Calculate chip velocity from cutting speed, depth of cut and chip thickness

Question: An orthogonal cutting operation is being carried out under the following conditions:

  • Cutting speed = 2 m/s
  • Depth of cut = 0.5 mm
  • Chip thickness = 0.6 mm

Calculate the chip velocity. [ESE 2003]


Solution: To solve this question we need to assume two things—(i) orthogonal rake angle (γO) of the cutting tool is 0° as it is the case of orthogonal cutting, and (ii) the given depth of cut is basically the uncut chip thickness. This problem can be solved with the help of velocity triangle in machining; however, there exists a simple way to solve this, as discussed below.

During machining, no material loss or gain takes place. Hence the rate of volume flow (i.e. MRR measured in mm3/s) of the workpiece material remains constant before and after cut. If the uncut chip thickness is a1, the width of uncut chip is b1, the cutting velocity is Vc, the chip thickness is a2, the width of uncut chip is b2, and the chip flow velocity is Vf, then applying the constant MRR approach, the following expression can be written for before and after cut.
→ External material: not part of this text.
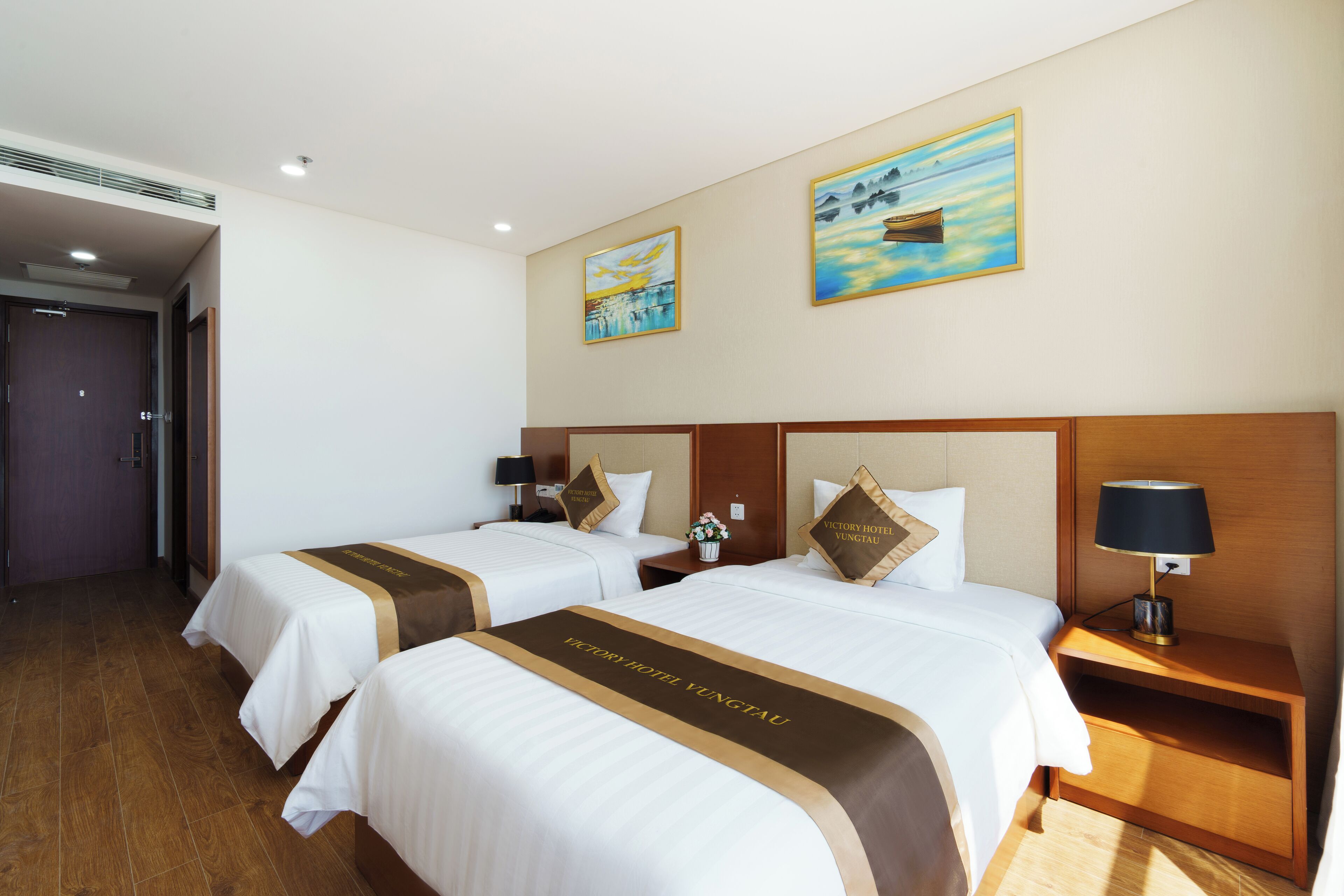 A hotel room with two beds, a nightstand, a lamp, and artwork on the walls.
\[{a_1}{b_1}{V_C} = {a_2}{b_2}{V_f}\]

Chip velocity from cutting velocity, uncut and cut chip thickness

During machining as the tool compresses a thin layer of workpiece material, the later undergoes shearing and thus thickness of chip becomes larger than the same before shearing (i.e. a2 > a1). Width of the chip can be considered as constant before and after shearing (i.e. b1 = b2) as no force is applied in this direction (so no deformation in width). Thus the above expression can be reduced to as follows.

\[{a_1}{V_C} = {a_2}{V_f}\]

\[\frac{{{a_1}}}{{{a_2}}} = \frac{{{V_f}}}{{{V_C}}}\]

\[{V_f} = \frac{{{V_C}{a_1}}}{{{a_2}}}\]

Calculate the chip velocity

Given, cutting speed (Vc) = 2 m/s

Uncut chip thickness (a1) = 0.5 mm

Chip thickness (a2) = 0.6 mm

Therefore, the chip velocity be:

\[{V_f} = \frac{{2 \times 0.5}}{{0.6}} = 1.67\]

Hence, the chip velocity for the given case is 1.67m/s.